24 abril, 2010

Chao

Entonces es buena suerte, chau, adiós.

Y lo que sea que pasó en todo este tiempo fue pierdiendo brillo y color hasta quedar como una vieja película de épocas antiguas. Lejana. A medio recordar. ¡Y vos que asegurabas no olvidarte de mí! ¡Y yo que confirmaba quererte por mucho tiempo más!

Será que nos desgastamos de tanto roce, tanta fricción; de tanto enojo y desencuentro; de tanta distancia. Será que nos agrietamos en esta larga espera, que cualquier agresión -por ínfima e insignificante que resulte- fue causa suficiente para hacernos estallar y dejar librados al aire miles de recuerdos y momentos compartidos. Restándoles importancia, o aniquilándolos con silencios.

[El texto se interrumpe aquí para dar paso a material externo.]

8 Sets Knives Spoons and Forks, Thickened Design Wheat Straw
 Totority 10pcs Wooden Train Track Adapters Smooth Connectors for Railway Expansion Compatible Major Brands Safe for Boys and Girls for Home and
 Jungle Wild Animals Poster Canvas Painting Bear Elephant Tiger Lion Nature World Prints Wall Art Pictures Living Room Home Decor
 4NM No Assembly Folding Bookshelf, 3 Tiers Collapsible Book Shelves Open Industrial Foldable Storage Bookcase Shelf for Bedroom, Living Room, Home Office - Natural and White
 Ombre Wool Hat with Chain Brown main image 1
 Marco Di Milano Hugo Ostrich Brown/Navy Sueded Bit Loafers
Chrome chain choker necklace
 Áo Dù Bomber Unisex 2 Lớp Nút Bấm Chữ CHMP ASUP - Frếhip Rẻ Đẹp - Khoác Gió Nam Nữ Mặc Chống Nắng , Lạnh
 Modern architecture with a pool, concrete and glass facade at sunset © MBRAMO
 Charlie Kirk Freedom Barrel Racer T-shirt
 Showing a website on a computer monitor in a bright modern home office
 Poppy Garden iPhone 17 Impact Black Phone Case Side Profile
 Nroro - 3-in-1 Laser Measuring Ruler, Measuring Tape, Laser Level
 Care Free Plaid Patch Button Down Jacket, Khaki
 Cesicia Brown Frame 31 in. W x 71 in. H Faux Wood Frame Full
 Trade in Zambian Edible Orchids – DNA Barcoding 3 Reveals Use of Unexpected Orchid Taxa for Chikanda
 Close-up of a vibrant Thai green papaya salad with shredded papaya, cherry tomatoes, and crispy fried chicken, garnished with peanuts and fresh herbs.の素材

Será que nos ganó el cansancio, que ni ganas tuvimos de andar juntando los pedacitos de algo que quizás fue inventado. O tal vez haya sido la comodidad de darse por vencido lo que nos devolvió al principio: a ser dos desconocidos de mundos distintos aunque rutinas igual de agotadoras. De besos tibios o amargos -vos dirás- en cada atardecer. Del cuerpo listo para rendirse en abrazos cálidos y el corazón dispuesto a enamorarse perdidamente de quien se desviva por hacernos feliz.

Habrá sido esto o aquello
Habrás sido vos, o habré sido yo.


Sea como fuere, es así
Buena suerte. 
Chau. 
Adiós.




vos,
que todavía pasás..

06 abril, 2010

Desafío(te)



Te juego a ver quién es el que tiene el cuerpo a punto de rendirse, la cabeza al borde del exilio y un pasaje gratuito -en compañia del insomnio- a la tierra de los descansos postergados y el sueño olvidado.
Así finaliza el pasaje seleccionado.